Brown by Håkon Øvreås

“Brown has this mostly realistic but slightly magical, totally mundane but kind of absurd feeling to it, that reminds me of Roald Dahl’s stories!” – Lisa, Kids Room

Rusty is having a tough time. His family moved, his grandfather died, and now the local bullies are wrecking his fort! He finds some paint, gathers an all-brown outfit, and becomes BROWN, a superhero who… paints things brown. Can Brown and the other Guardians of the Fort get even, without getting in trouble?

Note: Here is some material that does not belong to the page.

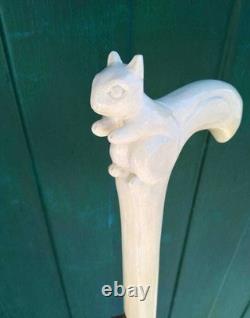 Carved Hand Painted White Stick Cat Walking Stick Cane Wooden Walking Cane Hand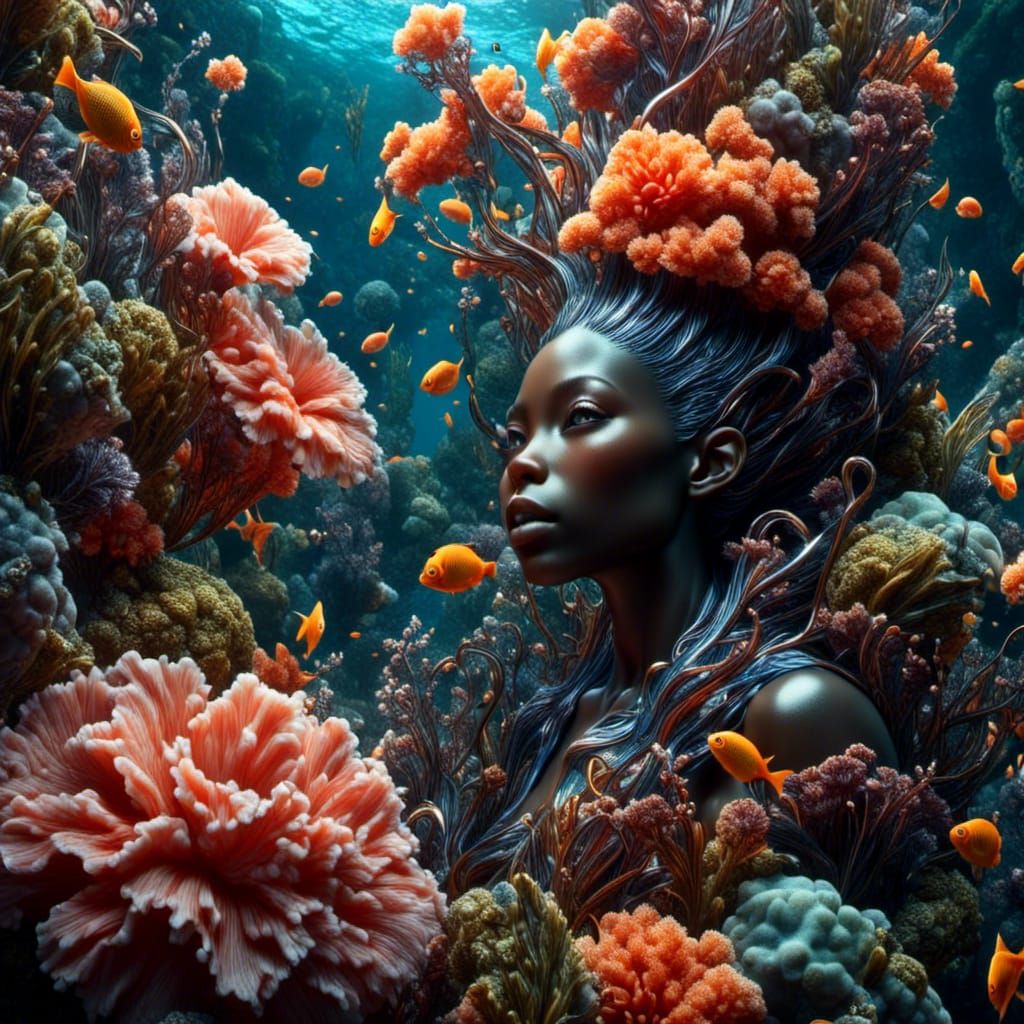 Joyful Underwater Scene with Coral Reef Life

The Story of Arthur Truluv by Elizabeth Berg

“I loved this short, sweet, well-written book! It is a feel-good book that will make you smile, and the book reminded me of the essential goodness of people. It was a perfect book for the quarantine, and I am looking forward to reading Elizabeth Berg’s next two books in the series.” – Nancy, Adult & Teen Services

Arthur Truluv is a kindhearted, lonely widower who meets Maddy, a troubled teen with a difficult family life, at the cemetery where Arthur’s wife is buried. Arthur and Maddy, along with Arthur’s eccentric neighbor, Lucille, form a friendship and then a family.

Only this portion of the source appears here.